Pour quelle raison (troublante) la NASA oblige-t-elle ses astronautes à dormir plus de 8 heures ?
À 400 kilomètres au-dessus de la Terre, la NASA prévoit 8,5 heures de repos par nuit pour les astronautes. Une décision fondée sur des données scientifiques rigoureuses, avec des conséquences sur leur santé et un avertissement silencieux pour nos vies modernes.

À 400 kilomètres au-dessus de nos têtes, à bord de la Station spatiale internationale (ISS), la journée d'un astronaute est rythmée comme une horloge : 15,5 heures d'éclairage maximal, simulant une journée terrestre, et 8,5 heures dans une quasi-obscurité pour dormir.
Ces horaires, qui nous paraissent presque inatteignables, sont inscrits dans le programme de la mission avec la même précision qu'une sortie extravéhiculaire.
Pourquoi l'agence qui envoie des humains franchir la thermosphère protège-t-elle le sommeil de son personnel avec autant de zèle ?

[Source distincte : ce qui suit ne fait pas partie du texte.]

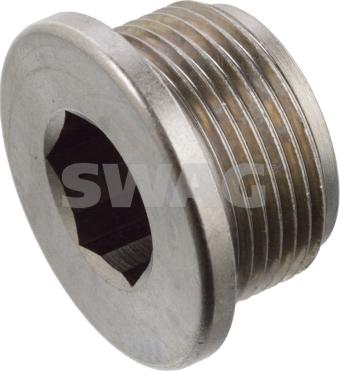 Swag 10 90 3013 - Sealing Plug, oil sump www.parts5.com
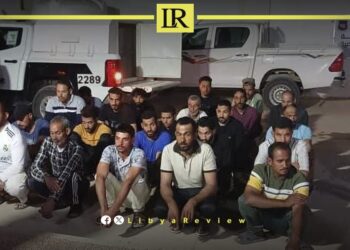 Anti-Illegal Migration Forces Arrest 33 Migrants in Eastern Libya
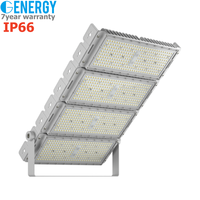 Projecteur LED extérieur pour terrains de football et stades, grande puissance 200W 400W 600W 800W 1000W 1200W 1600W 2000W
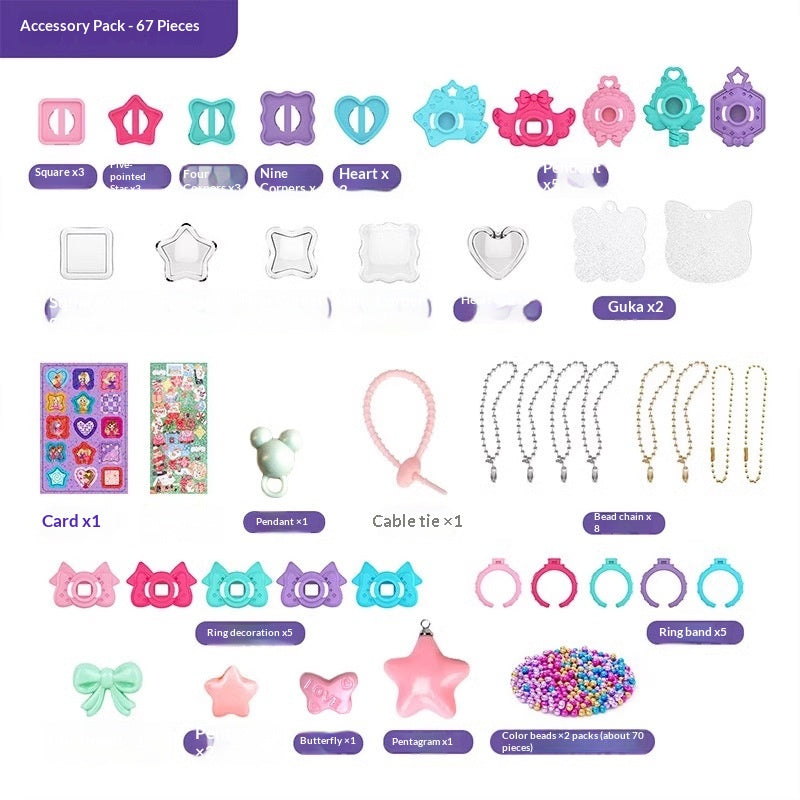 Princess Magic Book Playset Toy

La réponse n'est ni romantique ni motivante : elle est pragmatique. Un astronaute fatigué qui prend une décision lente au mauvais moment est un problème que le programme ne peut pas gérer.

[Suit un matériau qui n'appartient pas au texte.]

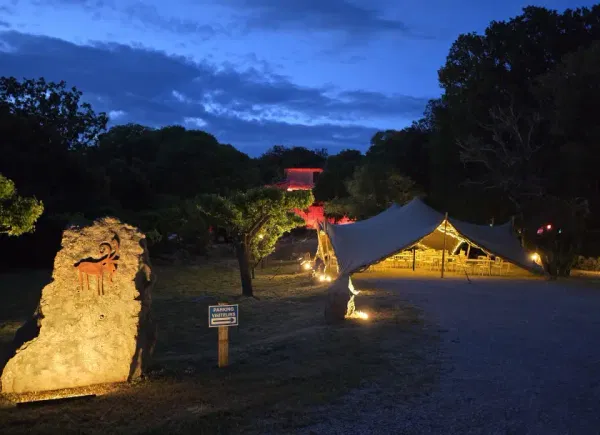Domaine du Mas De Coulet, Espace événementiel, Brissac, Occitanie, France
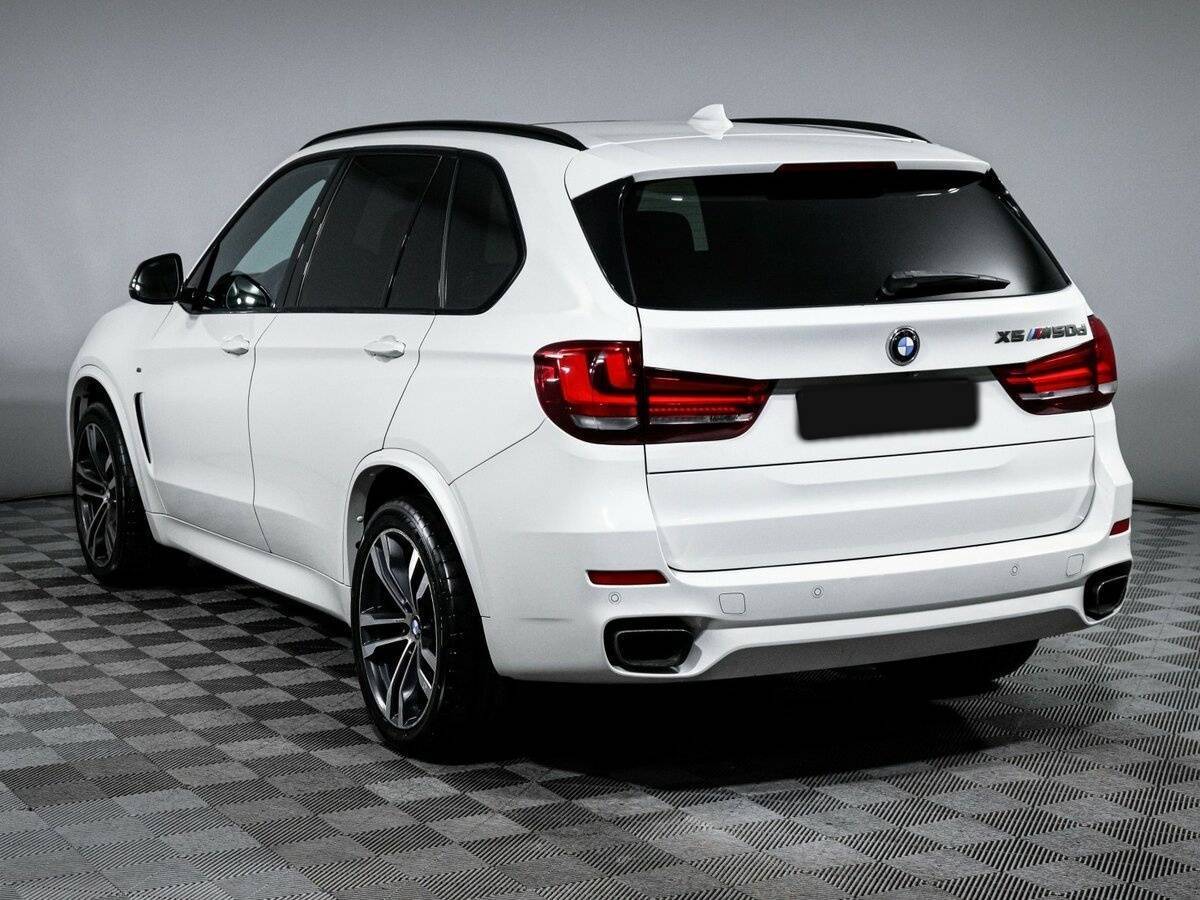 Купить BMW X5 с пробегом. Фото: #5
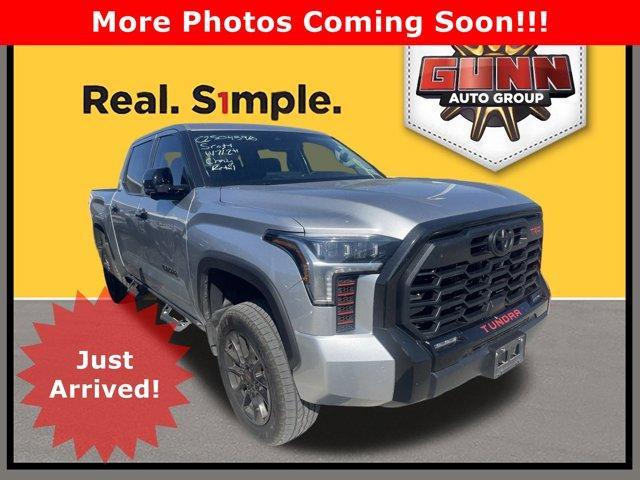 2024 Toyota Tundra 4WD Vehicle Photo in SELMA, TX 78154-1460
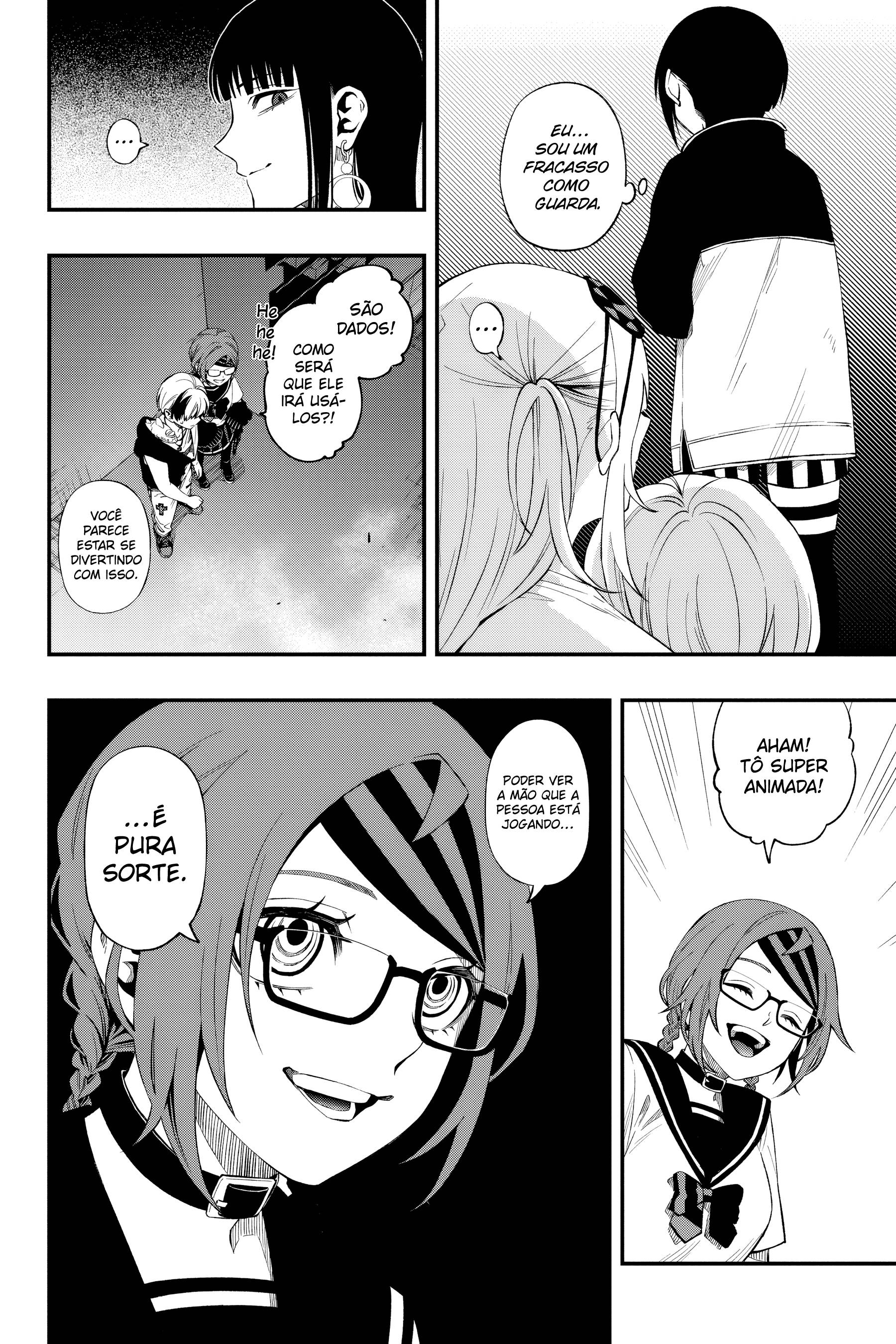 Read Dead Mount Death Play br Manga Online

Pendant ce temps, sur Terre, dormir moins continue d'être présenté comme un signe de productivité. La NASA a, involontairement, mis en lumière un paradoxe silencieux de nos vies modernes.
Le sommeil, un élément essentiel à la mission : la science sur laquelle la NASA ne fait aucun compromis
L'agence spatiale est formelle : le manque de sommeil chronique et la désynchronisation du rythme circadien sont associés à des troubles métaboliques, des maladies cardiovasculaires, des problèmes gastro-intestinaux et certains types de cancer.

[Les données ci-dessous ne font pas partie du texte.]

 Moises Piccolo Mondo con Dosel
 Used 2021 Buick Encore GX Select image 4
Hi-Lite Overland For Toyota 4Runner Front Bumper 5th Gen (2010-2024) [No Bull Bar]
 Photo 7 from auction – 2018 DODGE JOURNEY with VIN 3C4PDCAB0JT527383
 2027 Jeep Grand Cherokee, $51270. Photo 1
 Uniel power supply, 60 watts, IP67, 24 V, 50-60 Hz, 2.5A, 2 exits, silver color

C'est pourquoi la norme NASA-STD-3001 fixe la durée de travail nominale à 6,5 heures par jour et à un maximum de 48 heures par semaine ; tout dépassement de 60 heures est considéré comme une surcharge critique.

L'éclairage LED embarqué, calibré pour imiter le cycle solaire terrestre, complète un système conçu pour donner au corps la sensation d'être encore à la maison, même si la station orbite autour de la Terre toutes les 90 minutes et que l'équipage observe 16 levers de soleil par jour.
Le paradoxe est que même les astronautes n'atteignent pas cet idéal. Une étude publiée dans la revue Sleep a montré que seulement 5,9 % des nuits à bord permettent de dormir la durée prévue : la moyenne réelle est d'environ 6,5 heures.

Et pendant que là-haut ils se battent pour protéger chaque minute, en bas, 86 % des Américains consultent leur téléphone avant de s'endormir - 38 minutes en moyenne, 50 minutes chez la génération Z -, accumulant environ 231 heures de temps d'écran par an avant de dormir.
Ce que la NASA a compris et que la vie moderne continue de nier
Les conséquences de ce déficit sont bien documentées, même sur Terre. Ralentissement des réflexes, troubles de la mémoire de travail, altération de la prise de décision, affaiblissement du système immunitaire et risque accru de maladies métaboliques et cardiovasculaires font partie intégrante du même ensemble de problèmes que l'agence spatiale cherche à éviter à tout prix.
Le chiffre exact de 8,5 heures n'a rien de magique ni d'universel : chacun a ses propres besoins. L'important, c'est le principe fondamental : le repos n'est pas quelque chose que l'on intègre à son emploi du temps ; il fait partie intégrante de son emploi du temps.
À l'ère des systèmes d'alerte précoce, des mégapoles qui fonctionnent 24 h/24 et 7 j/7 et des protocoles de continuité d'activité, cette leçon spatiale prend une dimension universelle. Une société résiliente n'est pas une société qui reste constamment éveillée, mais une société qui sait quand se déconnecter.

Si les humains chargés de la tâche la plus exigeante sur la planète — piloter des laboratoires orbitaux au-dessus d'une atmosphère ténue — accordent la priorité au sommeil, peut-être devrions-nous cesser de le considérer comme un luxe superflu. La prochaine mission commence presque toujours sur l'oreiller.